SUPPLIED RECORDS.

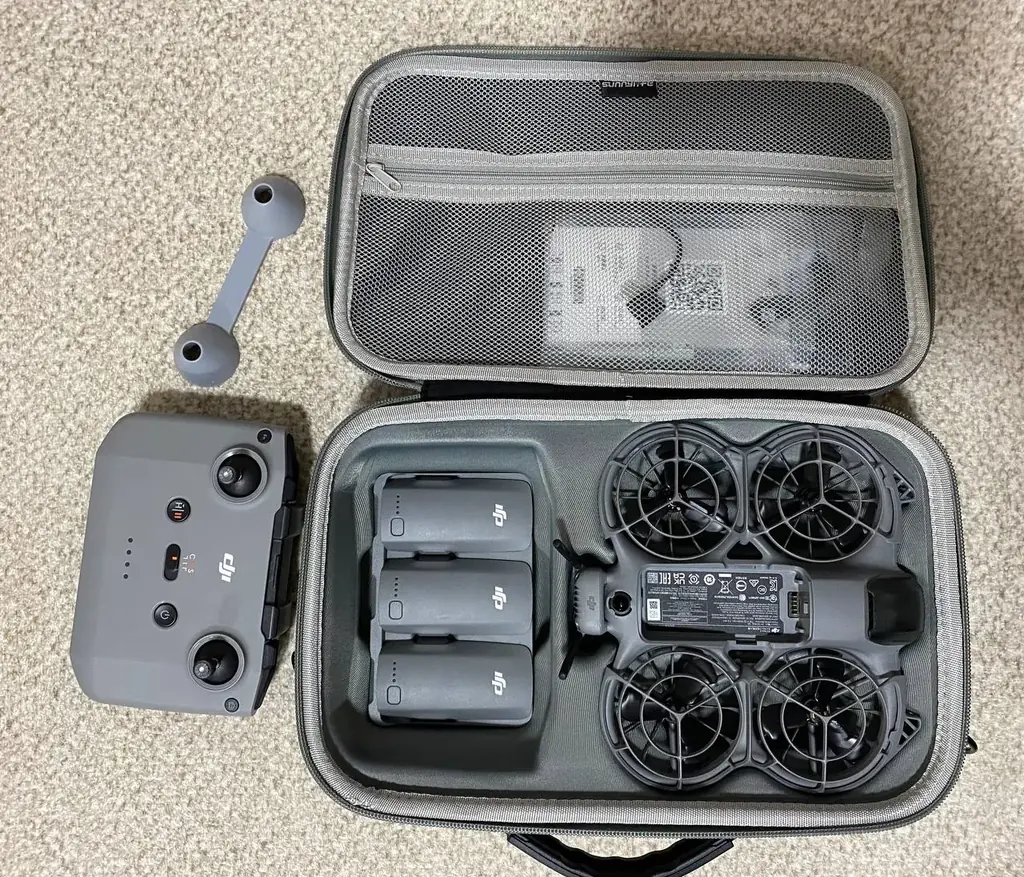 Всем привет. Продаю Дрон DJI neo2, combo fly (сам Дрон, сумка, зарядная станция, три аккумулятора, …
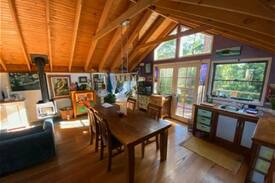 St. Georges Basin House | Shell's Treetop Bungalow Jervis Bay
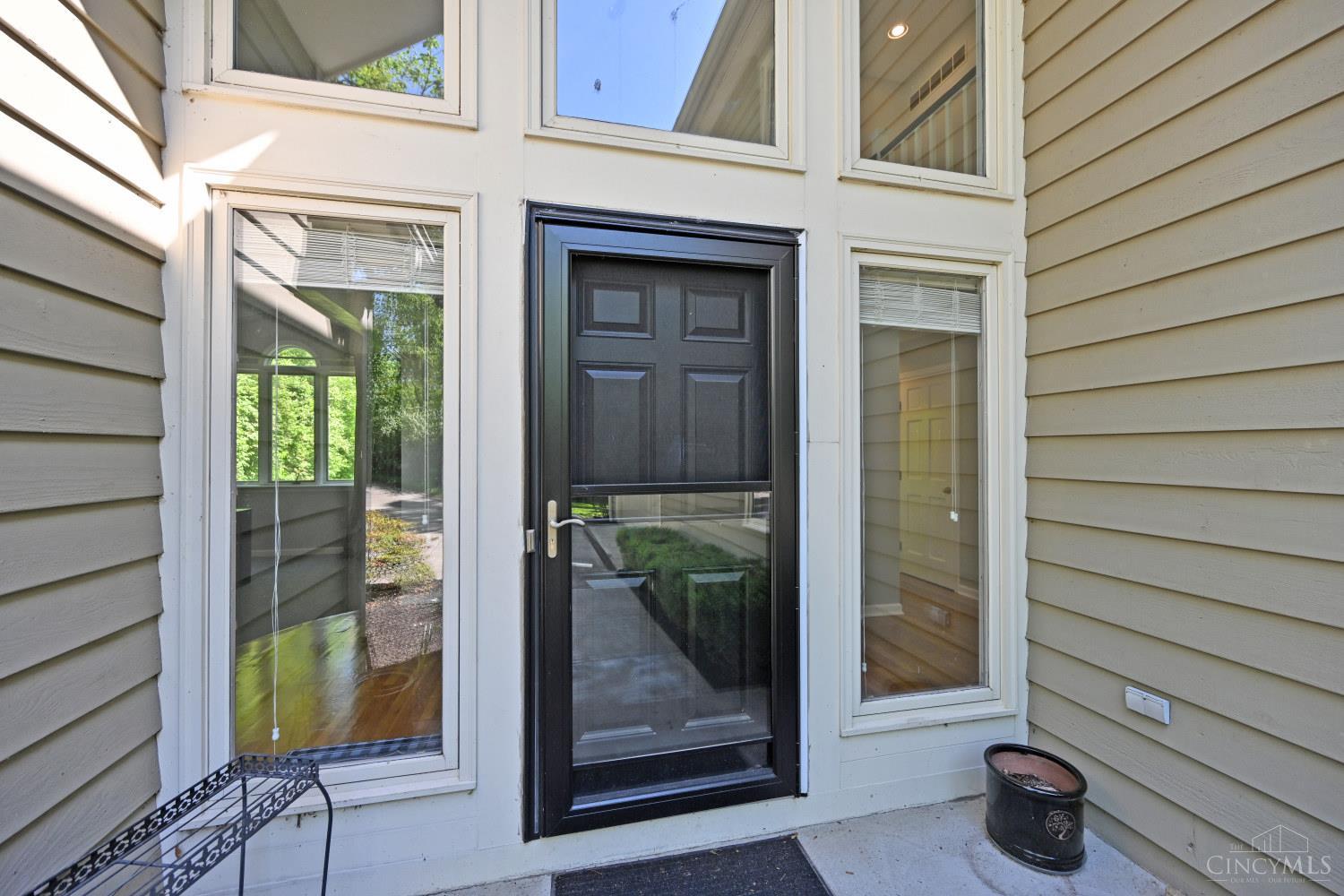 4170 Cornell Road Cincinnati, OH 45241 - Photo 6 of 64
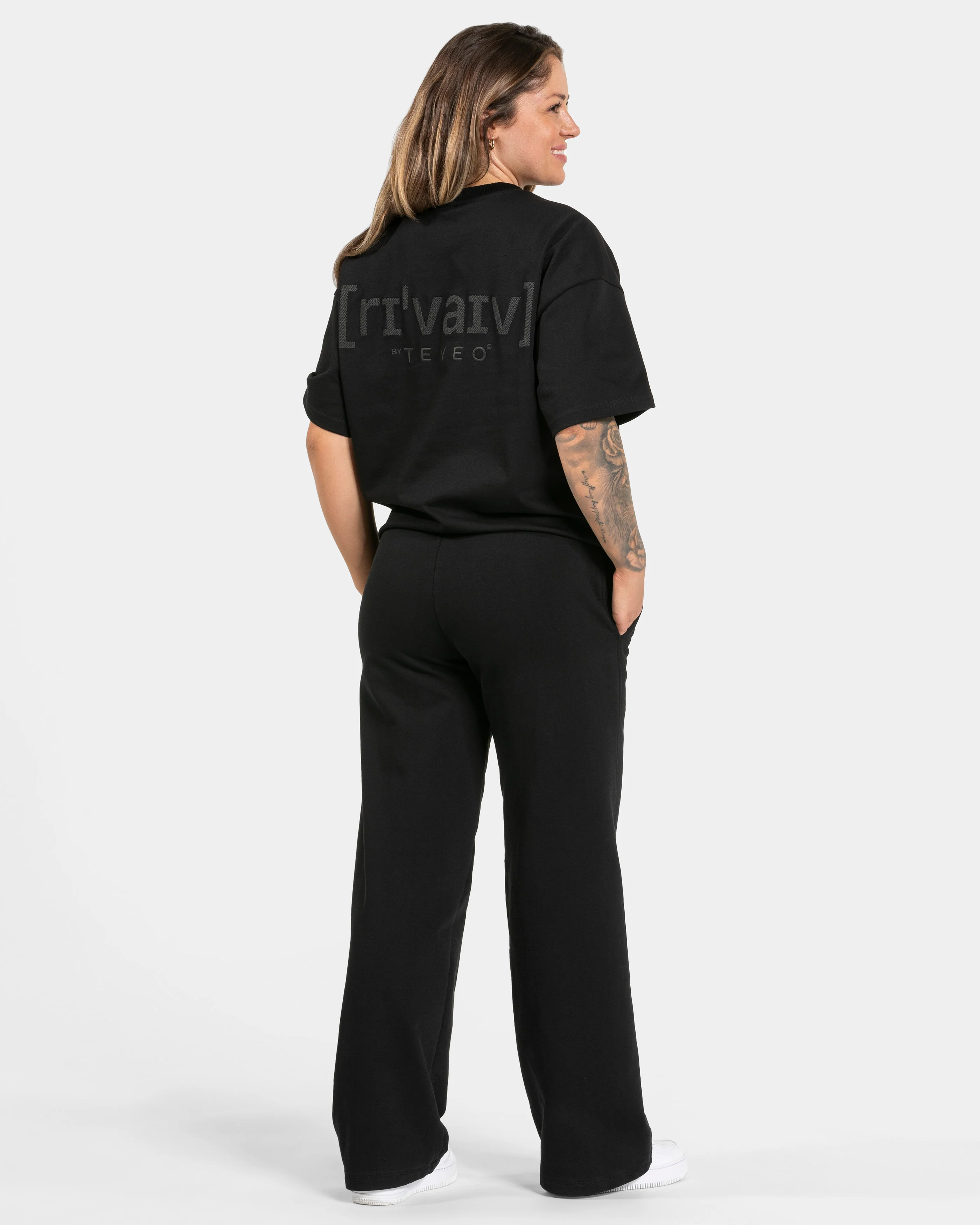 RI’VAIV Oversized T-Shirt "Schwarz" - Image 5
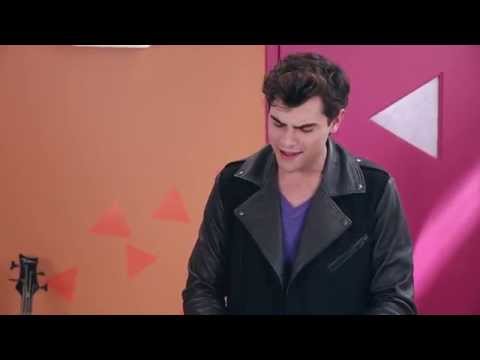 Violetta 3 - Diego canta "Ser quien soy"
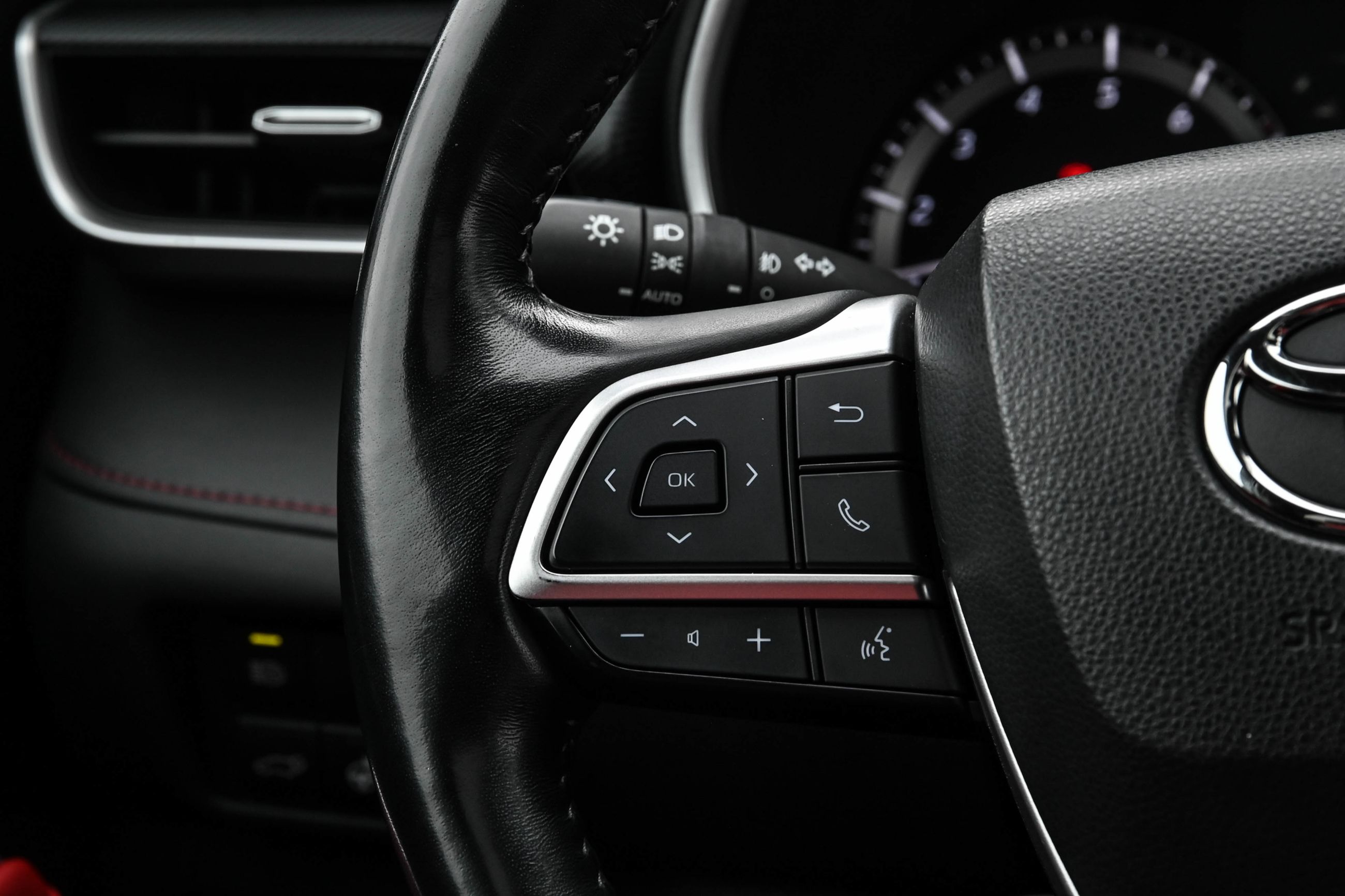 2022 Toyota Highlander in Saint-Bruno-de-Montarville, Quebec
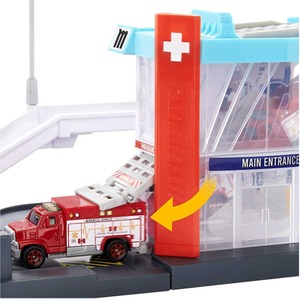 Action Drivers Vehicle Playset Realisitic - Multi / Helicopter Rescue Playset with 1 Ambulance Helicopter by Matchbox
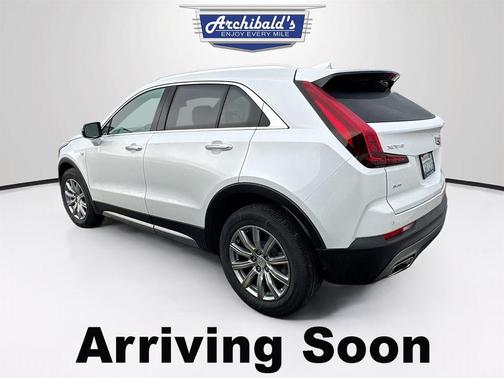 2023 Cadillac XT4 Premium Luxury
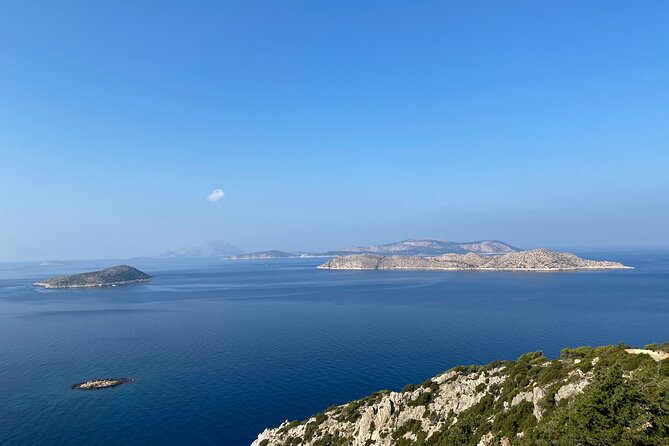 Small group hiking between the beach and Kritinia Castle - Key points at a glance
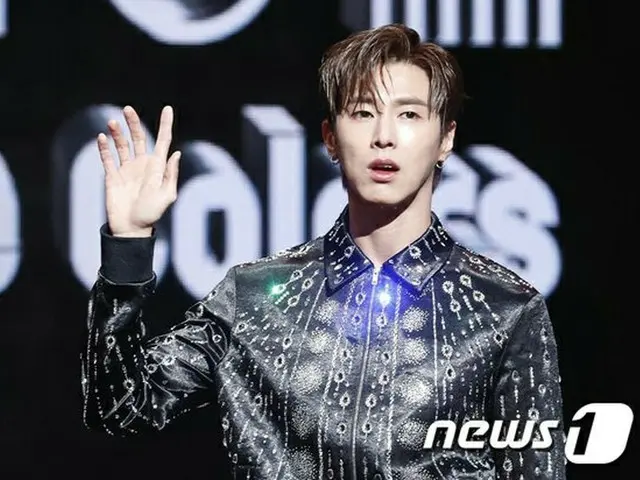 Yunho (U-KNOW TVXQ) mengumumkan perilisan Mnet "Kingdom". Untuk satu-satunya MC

EXERCISE INSTRUCTIONS. A word-for-word copy of the entries above is needed, with every picture dropped.

ANSWER SPACE.
 Всем привет. Продаю Дрон DJI neo2, combo fly (сам Дрон, сумка, зарядная станция, три аккумулятора, …
 St. Georges Basin House | Shell's Treetop Bungalow Jervis Bay
 4170 Cornell Road Cincinnati, OH 45241 - Photo 6 of 64
 RI’VAIV Oversized T-Shirt "Schwarz" - Image 5
 Violetta 3 - Diego canta "Ser quien soy"
 2022 Toyota Highlander in Saint-Bruno-de-Montarville, Quebec
 Action Drivers Vehicle Playset Realisitic - Multi / Helicopter Rescue Playset with 1 Ambulance Helicopter by Matchbox
 2023 Cadillac XT4 Premium Luxury
 Small group hiking between the beach and Kritinia Castle - Key points at a glance
 Yunho (U-KNOW TVXQ) mengumumkan perilisan Mnet "Kingdom". Untuk satu-satunya MC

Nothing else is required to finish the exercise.